By Ken Gurnick / MLB.com
LOS ANGELES -- Manager Grady Little and the Dodgers ended a month of intrigue Tuesday by mutually parting company with a year left on his contract, presumably paving the way for the pursuit of former Yankees manager Joe Torre as his replacement.
The announcement came in a conference call with Little and general manager Ned Colletti, who hired Little almost two years ago to replace Jim Tracy. Little managed the club to a 17-win improvement and postseason berth in 2006, but the Dodgers followed in 2007 with a late-season collapse into fourth place and a clubhouse divided.
On the last day of the season, Little said he would return in 2008 and "see this thing through to the end," but apparently had doubts whether he wanted to manage as a lame duck and spent several weeks mulling his future.
Those doubts prompted Colletti to contact possible replacements like Joe Girardi and Torre and the speculation that followed further undermined the perception of Little's status as a leader.
Both Little and Colletti agreed that Tuesday's decision was Little's and that he could have remained Dodgers manager if he had chosen to do so.
Little, 57, had previously managed the Boston Red Sox for two seasons and came to Los Angeles with a reputation for folksy charm and being a "player's manager."
But the reputation took a hard hit when veteran Jeff Kent criticized the attitude and approach of the team's young players, interpreted as confirmation of a clubhouse rift that developed as the organization's youth movement jeopardized the playing status of veterans.

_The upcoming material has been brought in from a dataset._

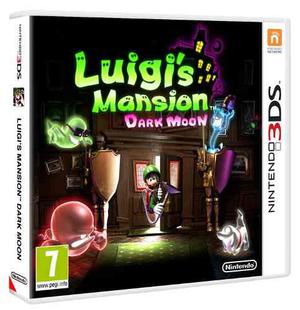 Luigi Mansions (cambio)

As the manager, Little received much of the blame for the turmoil and said he would handle things differently next year. He called the just-completed season, "the toughest of my life."
The Dodgers apparently will pay Little at least a portion of the estimated $750,000 he was due in 2008. He also had a 2009 option. That is only a fraction of the $5 million salary Torre is expected to command, having rejected a one-year deal at that figure (plus incentives) from the Yankees two weeks ago.
Although there are indications the Dodgers want Torre, under Major League guidelines the club is mandated to conduct a search that includes interviews with minority candidates.